Nur wird auch die Ermittlung schwer, weil sich die Regierung wahrscheinlich einfach auf §96 StPO ausruhen kann.



> *StPO § 96*
> Die *Vorlegung oder Auslieferung* von Akten oder anderen in *amtlicher*
> Verwahrung befindlichen *Schriftstücken durch Behörden* und öffentliche
> Beamte *darf nicht gefordert werden, wenn deren oberste Dienstbehörde
> ...


----------



## Dr Bakterius (13. August 2015)

Seit 911 sind ja fast alle westlichen Staaten auf Paranoia und haben den Hebel für den gläsernen Bürger in der Hand. Ich bin mal gehässig und sage das eine Krähe der anderen kein Auge aushackt


----------



## rabe08 (13. August 2015)

Das Problem ist doch, dass es keine Alternative gibt. SPD? Leute mit linken Ansichten werden sich da langfristig nicht mehr durchsetzen können, der dicke Sigi ist charakterlos machtgeil, keine schöne Kombination. FDP? Die guten Leute sind in Rente oder sogar schon tot. Die Grünen? Wahlprogramm lesen, abhaken. Die Linke? Der Realo-Gisy-Flügel ist eigentlich o.k. Aber dann gibt es den dogmatisch-linken Flügel. Wenn ich die Wagenknecht manchmal höre, kriege ich Angst. Die "Alternative für Deutschland"? Von "nationalen Patrioten" übernehmen. Es dümmlich fand ich die immer, aber geht jetzt gar nicht mehr. Die Piraten? . Die Partei? Die machen wenigstens, was sie im Wahlkampf versprochen haben. Aber eine echte Alternative wollen die nicht sein.

Alle klar Leute, stellt Euch darauf ein, die nächsten mindestens 2 Wahlperioden geht es genauso weiter wie jetzt.


----------



## shadie (13. August 2015)

Ich sags mal so, wer glaubt nur die NSA würde ausspionieren lebt irgendwo hinterm Mond.

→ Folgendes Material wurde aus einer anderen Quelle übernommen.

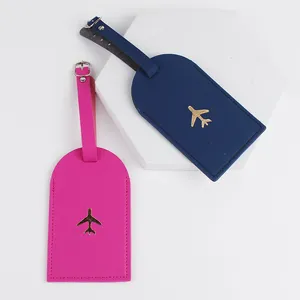 Dettaglio etichetta bagaglio in pelle, porta carte viaggio rosa e blu con aeroplano dorato.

Die NSA waren nur die einzigen die sich haben erwischen lassen.

Unser BND spioniert genau so wie die NSA, wurden nur noch nicht erwischt.

irgendwas gegen die NSA kann man auch nicht wirklich machen mit der aktuellen Führungsriege welche so tief in den Ammi´s stecken, dass Sie gar nicht mehr rauskommen.


----------



## Blizzard_Mamba (13. August 2015)

Ich will nicht mehr. 
Die Opposition ist zu klein und die SPD hat jegliche ihrer früheren Werte verloren (yay bergab seit 1914 ). Die Linke zerlegt sich wie immer selbst. Die Grünen -Ich mag den Hofreiter wenn er sich aufregt-...  Das war es. 
Der rest vollkommen Rückrat befreite Volksverräter. Natürlich kommt auch noch TTIP druch weil wir ja so tolle Beziehungen zu den Ammis wollen *nicht* ! Das einzige was die können ist drohen, mit Krieg und Strafen wenn man sich nicht so verhält wie sie es wollen. 
Unser Planet wird dank ihrer dümmlichen Ideologie in die Knie gezwungen und unsere Europäischen "Volksvertreter" haben nichts besseres zu tun als so einem Regime in den Arsch zu kriechen.
Naja Rom ist ja auch untergegangen, kann man nur hoffen das es hier nicht so lange dauert. 

Ich kann garnicht so viel fressen wie ich kotzen möchte


----------



## DKK007 (13. August 2015)

Ist nur die Frage, was danach kommt.  

Aber ne noch schlimmere Diktatur geht ja fast nicht mehr als die Jetzige. Wie wäre es mit ner Monarchie oder nem Kaiser. Die Griechen hatten da vor 2000 Jahren auch mal was gehabt, ich glaube das nannte sich "Demokratie".


----------



## drebbin (13. August 2015)

Und wo hats hingeführt?

Nein im Ernst - das Thema ist ernst aber die Hoffnung stirbt zuletzt und hoffentlich das Übel zuerst....


----------



## Adi1 (13. August 2015)

Daran wird sich sowieso nix ändern, unsere Mutti kriecht doch den Obama regelrecht in den Arsch. 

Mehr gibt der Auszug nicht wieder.